* [Assigned task] In the material below, find the line with "A spacious living"; set down that line and every line after it to the end, exactly, without pictures.

* [Records for this task]
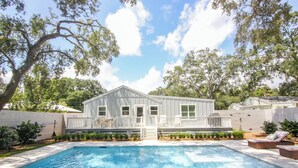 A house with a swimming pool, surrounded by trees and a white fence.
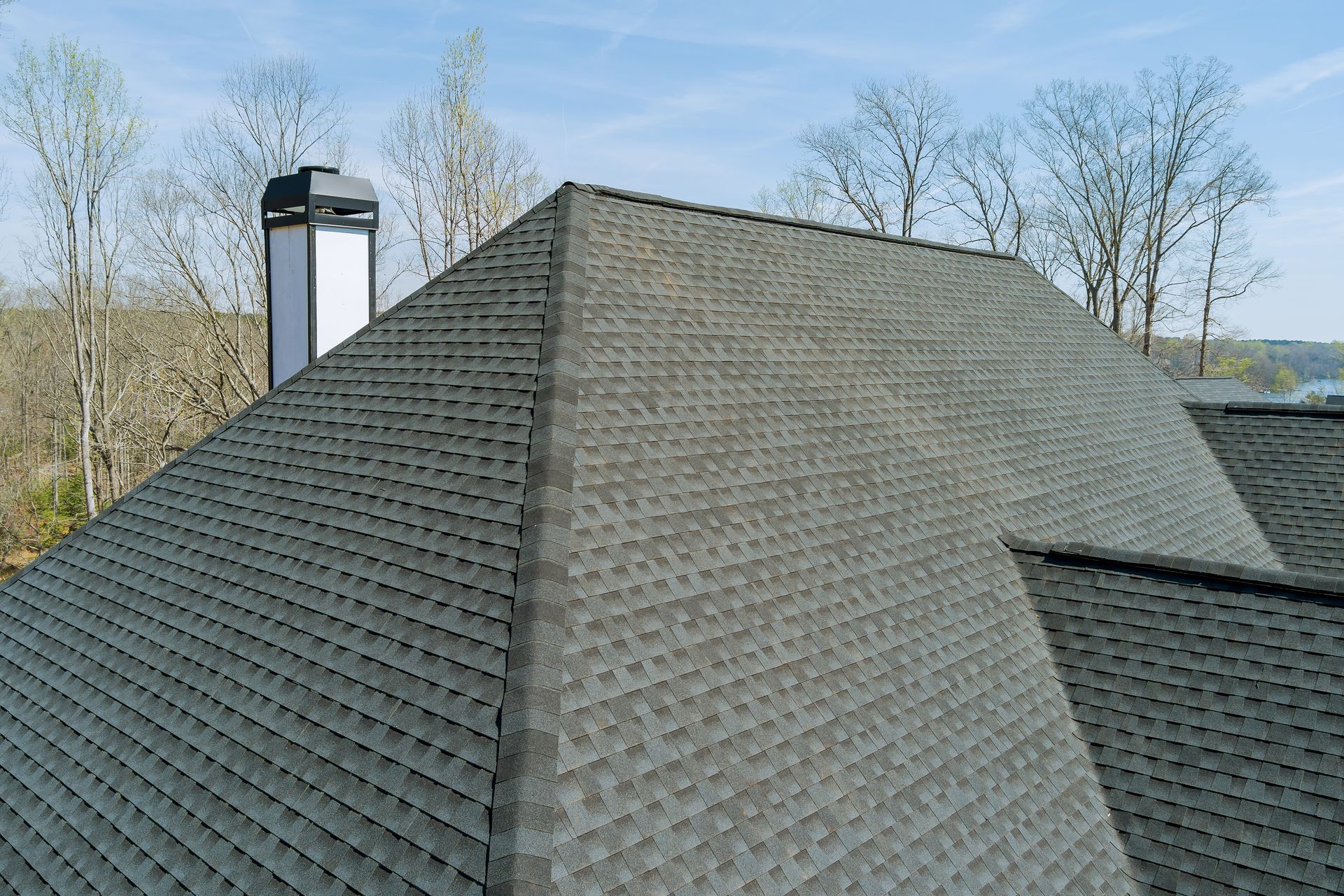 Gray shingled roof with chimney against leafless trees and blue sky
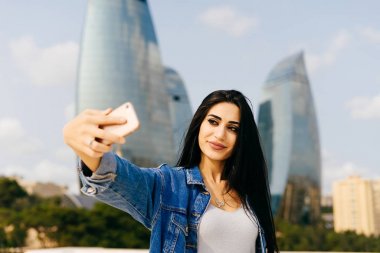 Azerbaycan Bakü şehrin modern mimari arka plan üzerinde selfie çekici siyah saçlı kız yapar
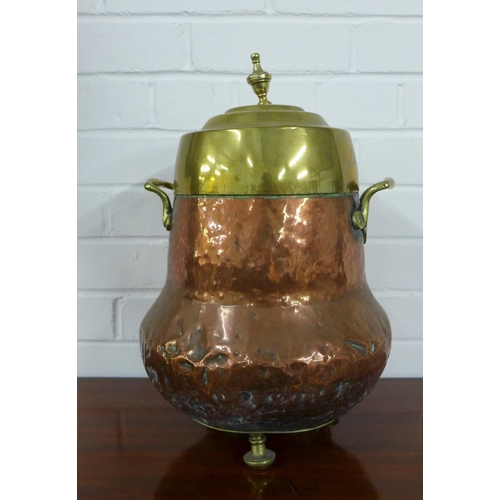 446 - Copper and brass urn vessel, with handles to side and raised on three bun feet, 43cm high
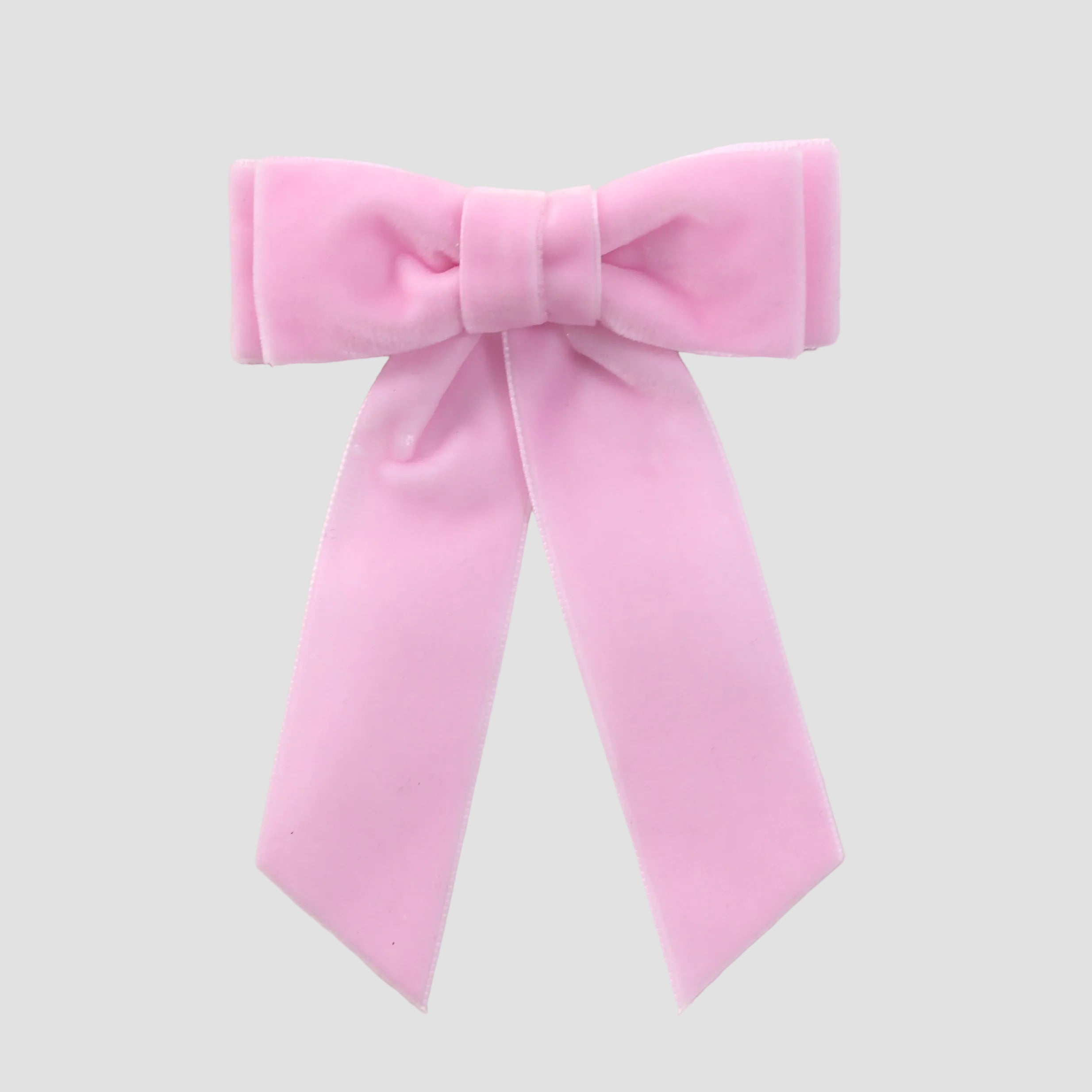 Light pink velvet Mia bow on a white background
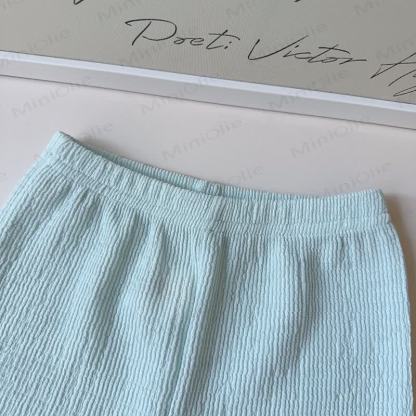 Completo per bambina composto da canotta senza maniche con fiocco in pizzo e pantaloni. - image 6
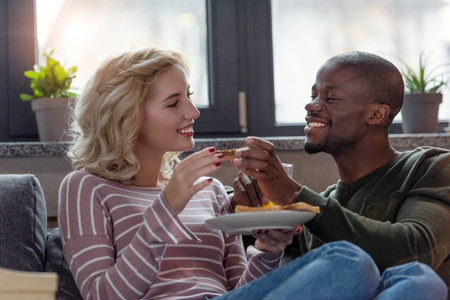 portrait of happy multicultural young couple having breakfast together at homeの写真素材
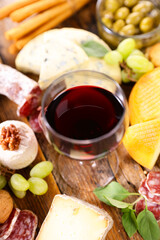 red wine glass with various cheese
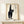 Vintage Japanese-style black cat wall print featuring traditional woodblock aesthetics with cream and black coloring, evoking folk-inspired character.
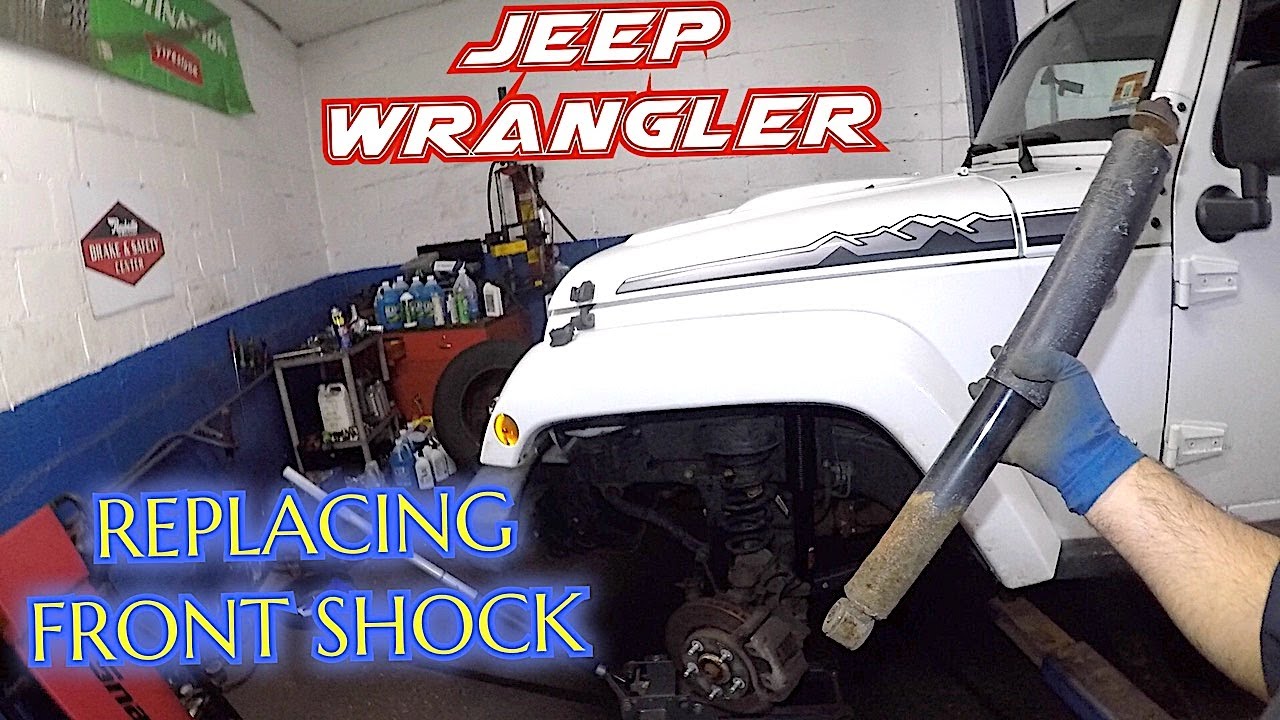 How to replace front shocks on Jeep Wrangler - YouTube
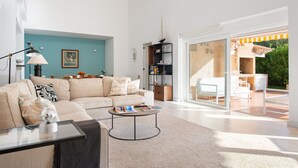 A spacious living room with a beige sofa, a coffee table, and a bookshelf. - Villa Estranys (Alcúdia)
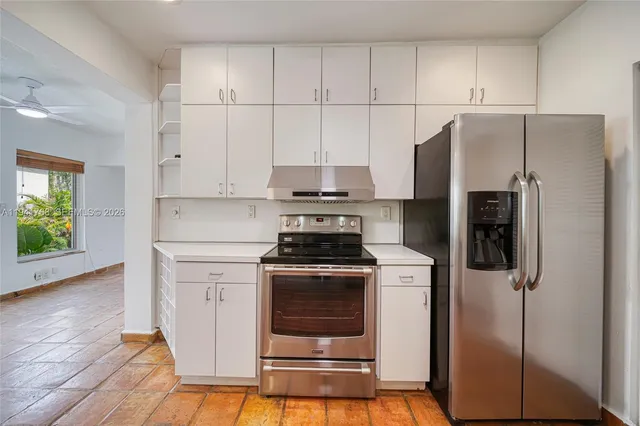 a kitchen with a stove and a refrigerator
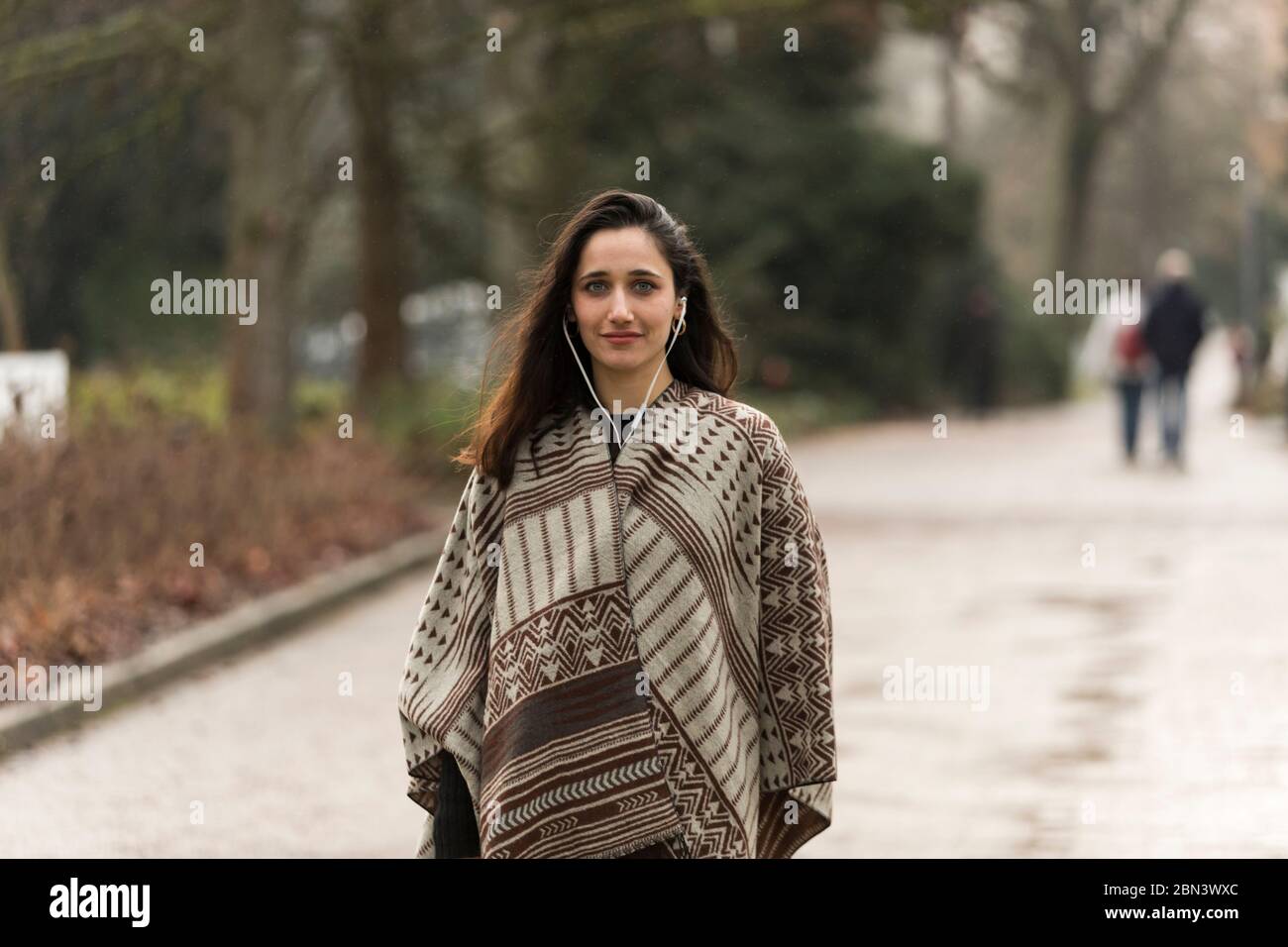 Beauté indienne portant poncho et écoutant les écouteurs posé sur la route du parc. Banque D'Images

* [Solution to the problem]
 A spacious living room with a beige sofa, a coffee table, and a bookshelf. - Villa Estranys (Alcúdia)
 a kitchen with a stove and a refrigerator
 Beauté indienne portant poncho et écoutant les écouteurs posé sur la route du parc. Banque D'Images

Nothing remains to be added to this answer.